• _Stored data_
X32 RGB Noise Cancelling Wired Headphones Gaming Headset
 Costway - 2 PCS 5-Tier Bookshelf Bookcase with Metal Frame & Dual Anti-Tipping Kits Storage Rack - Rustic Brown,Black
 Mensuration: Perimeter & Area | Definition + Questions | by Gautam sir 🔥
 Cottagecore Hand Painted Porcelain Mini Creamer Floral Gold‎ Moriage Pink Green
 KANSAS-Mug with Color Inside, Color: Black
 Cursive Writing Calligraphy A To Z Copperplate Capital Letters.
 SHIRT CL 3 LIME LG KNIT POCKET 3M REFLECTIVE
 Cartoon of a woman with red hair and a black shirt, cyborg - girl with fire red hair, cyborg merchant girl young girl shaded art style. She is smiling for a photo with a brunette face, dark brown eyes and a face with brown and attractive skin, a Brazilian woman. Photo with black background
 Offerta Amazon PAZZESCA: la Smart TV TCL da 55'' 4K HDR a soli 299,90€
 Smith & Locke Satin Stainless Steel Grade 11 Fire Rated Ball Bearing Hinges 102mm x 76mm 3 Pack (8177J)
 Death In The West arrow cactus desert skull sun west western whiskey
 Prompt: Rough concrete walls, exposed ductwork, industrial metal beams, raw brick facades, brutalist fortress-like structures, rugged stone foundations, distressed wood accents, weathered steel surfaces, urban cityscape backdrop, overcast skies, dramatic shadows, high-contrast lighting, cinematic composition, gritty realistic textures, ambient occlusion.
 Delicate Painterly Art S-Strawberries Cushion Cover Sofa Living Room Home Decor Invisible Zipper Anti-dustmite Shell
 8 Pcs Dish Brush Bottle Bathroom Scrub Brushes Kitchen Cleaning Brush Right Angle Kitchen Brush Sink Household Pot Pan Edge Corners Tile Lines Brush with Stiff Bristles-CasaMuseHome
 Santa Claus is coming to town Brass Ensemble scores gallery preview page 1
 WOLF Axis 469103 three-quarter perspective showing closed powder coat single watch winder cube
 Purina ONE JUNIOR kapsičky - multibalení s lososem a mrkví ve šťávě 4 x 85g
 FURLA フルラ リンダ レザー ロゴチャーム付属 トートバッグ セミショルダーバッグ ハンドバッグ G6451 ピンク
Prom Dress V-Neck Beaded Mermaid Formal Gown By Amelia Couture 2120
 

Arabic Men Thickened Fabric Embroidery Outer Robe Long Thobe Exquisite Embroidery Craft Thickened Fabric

• _YOUR ASSIGNMENT_
Print all the entries above. Keep each one exact.

• _YOUR RESPONSE_
X32 RGB Noise Cancelling Wired Headphones Gaming Headset
 Costway - 2 PCS 5-Tier Bookshelf Bookcase with Metal Frame & Dual Anti-Tipping Kits Storage Rack - Rustic Brown,Black
 Mensuration: Perimeter & Area | Definition + Questions | by Gautam sir 🔥
 Cottagecore Hand Painted Porcelain Mini Creamer Floral Gold‎ Moriage Pink Green
 KANSAS-Mug with Color Inside, Color: Black
 Cursive Writing Calligraphy A To Z Copperplate Capital Letters.
 SHIRT CL 3 LIME LG KNIT POCKET 3M REFLECTIVE
 Cartoon of a woman with red hair and a black shirt, cyborg - girl with fire red hair, cyborg merchant girl young girl shaded art style. She is smiling for a photo with a brunette face, dark brown eyes and a face with brown and attractive skin, a Brazilian woman. Photo with black background
 Offerta Amazon PAZZESCA: la Smart TV TCL da 55'' 4K HDR a soli 299,90€
 Smith & Locke Satin Stainless Steel Grade 11 Fire Rated Ball Bearing Hinges 102mm x 76mm 3 Pack (8177J)
 Death In The West arrow cactus desert skull sun west western whiskey
 Prompt: Rough concrete walls, exposed ductwork, industrial metal beams, raw brick facades, brutalist fortress-like structures, rugged stone foundations, distressed wood accents, weathered steel surfaces, urban cityscape backdrop, overcast skies, dramatic shadows, high-contrast lighting, cinematic composition, gritty realistic textures, ambient occlusion.
 Delicate Painterly Art S-Strawberries Cushion Cover Sofa Living Room Home Decor Invisible Zipper Anti-dustmite Shell
 8 Pcs Dish Brush Bottle Bathroom Scrub Brushes Kitchen Cleaning Brush Right Angle Kitchen Brush Sink Household Pot Pan Edge Corners Tile Lines Brush with Stiff Bristles-CasaMuseHome
 Santa Claus is coming to town Brass Ensemble scores gallery preview page 1
 WOLF Axis 469103 three-quarter perspective showing closed powder coat single watch winder cube
 Purina ONE JUNIOR kapsičky - multibalení s lososem a mrkví ve šťávě 4 x 85g
 FURLA フルラ リンダ レザー ロゴチャーム付属 トートバッグ セミショルダーバッグ ハンドバッグ G6451 ピンク
Prom Dress V-Neck Beaded Mermaid Formal Gown By Amelia Couture 2120
 

Arabic Men Thickened Fabric Embroidery Outer Robe Long Thobe Exquisite Embroidery Craft Thickened Fabric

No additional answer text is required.